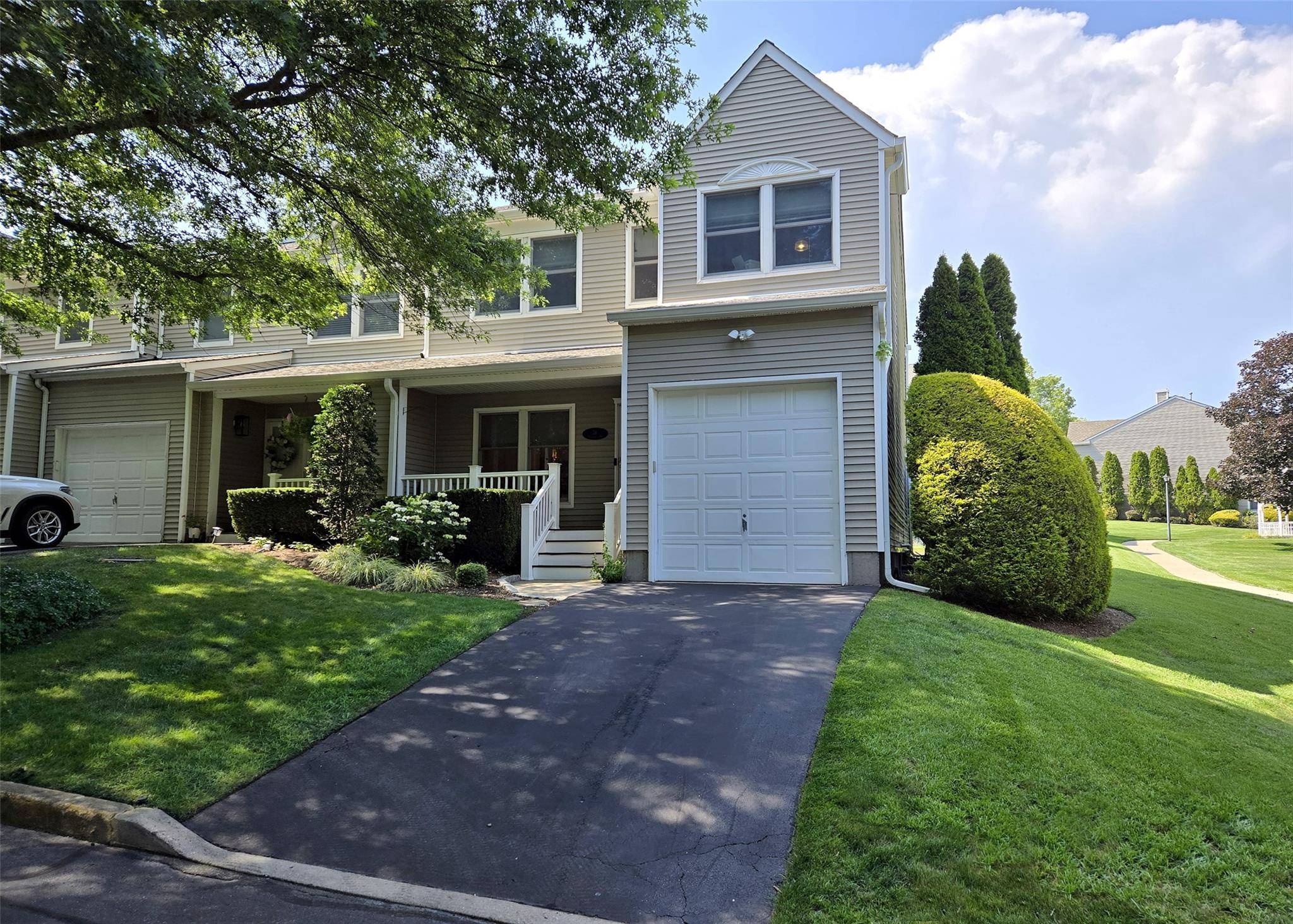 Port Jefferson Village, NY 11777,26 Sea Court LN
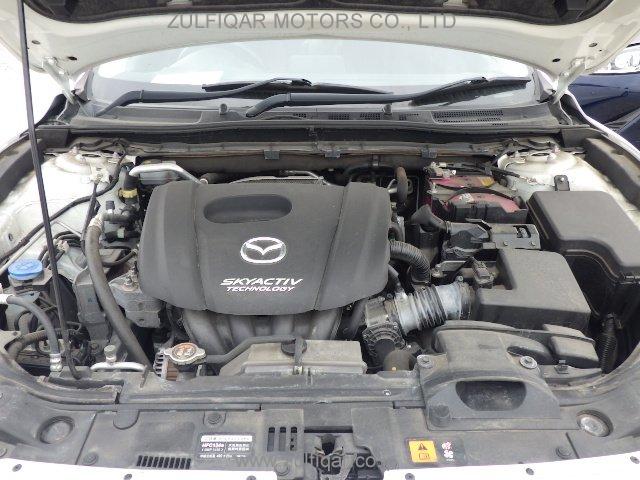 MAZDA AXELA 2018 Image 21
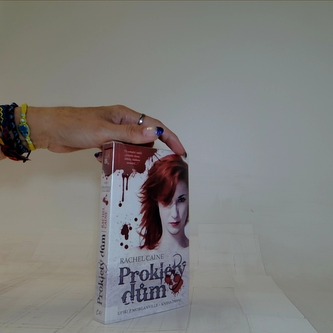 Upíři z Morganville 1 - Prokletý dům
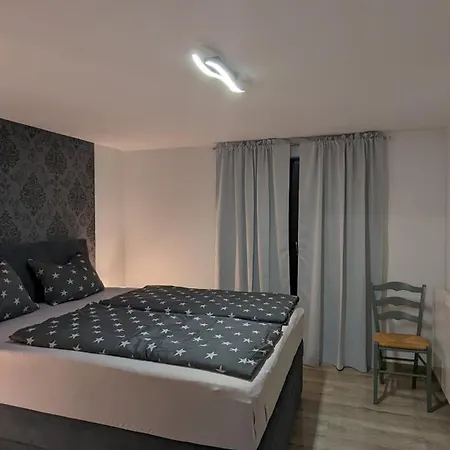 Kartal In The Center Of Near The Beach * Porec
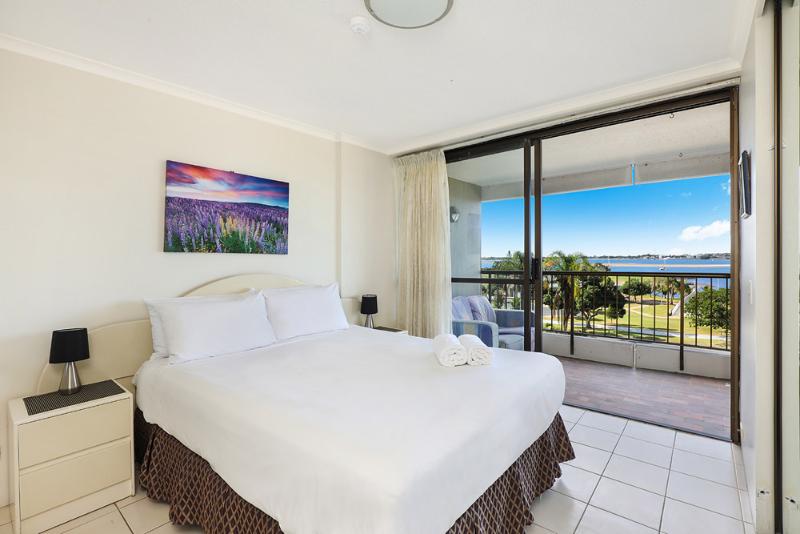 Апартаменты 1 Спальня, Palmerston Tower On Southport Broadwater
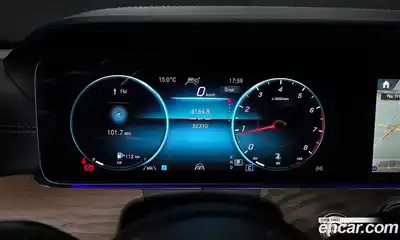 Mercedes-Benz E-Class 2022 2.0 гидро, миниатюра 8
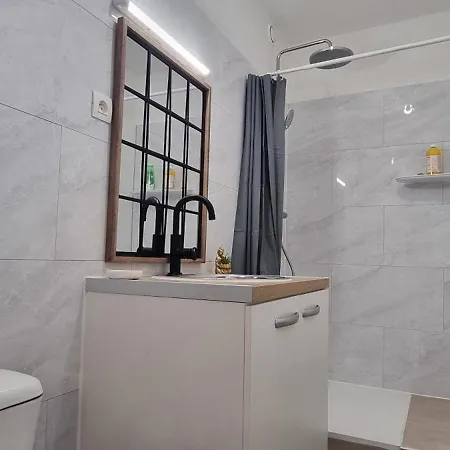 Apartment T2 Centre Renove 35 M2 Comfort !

+ + + + + + +

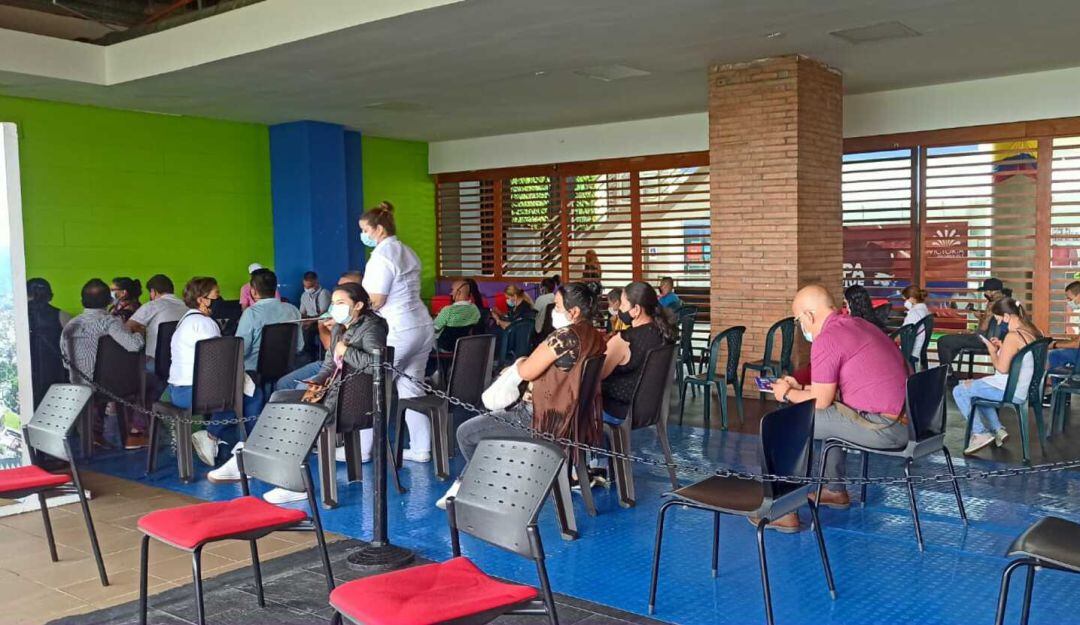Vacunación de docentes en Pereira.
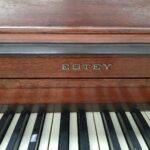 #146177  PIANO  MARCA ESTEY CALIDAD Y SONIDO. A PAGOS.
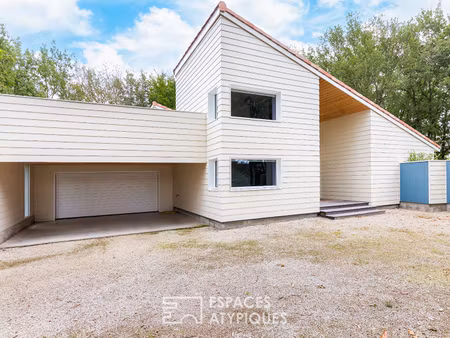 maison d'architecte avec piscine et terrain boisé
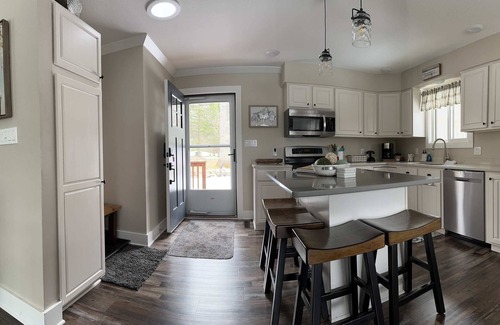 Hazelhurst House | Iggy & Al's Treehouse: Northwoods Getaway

+ + + + + + +

- [EXERCISE AIM]
Write out, word for word, the stretch of entries that begins at the line with "Mercedes-Benz E-Class 2022" and ends at the line with "Apartment T2 Centre Renove 35 M2 Comfort !". Pictures do not belong in it.

- [EXERCISE SOLUTION]
 Mercedes-Benz E-Class 2022 2.0 гидро, миниатюра 8
 Apartment T2 Centre Renove 35 M2 Comfort !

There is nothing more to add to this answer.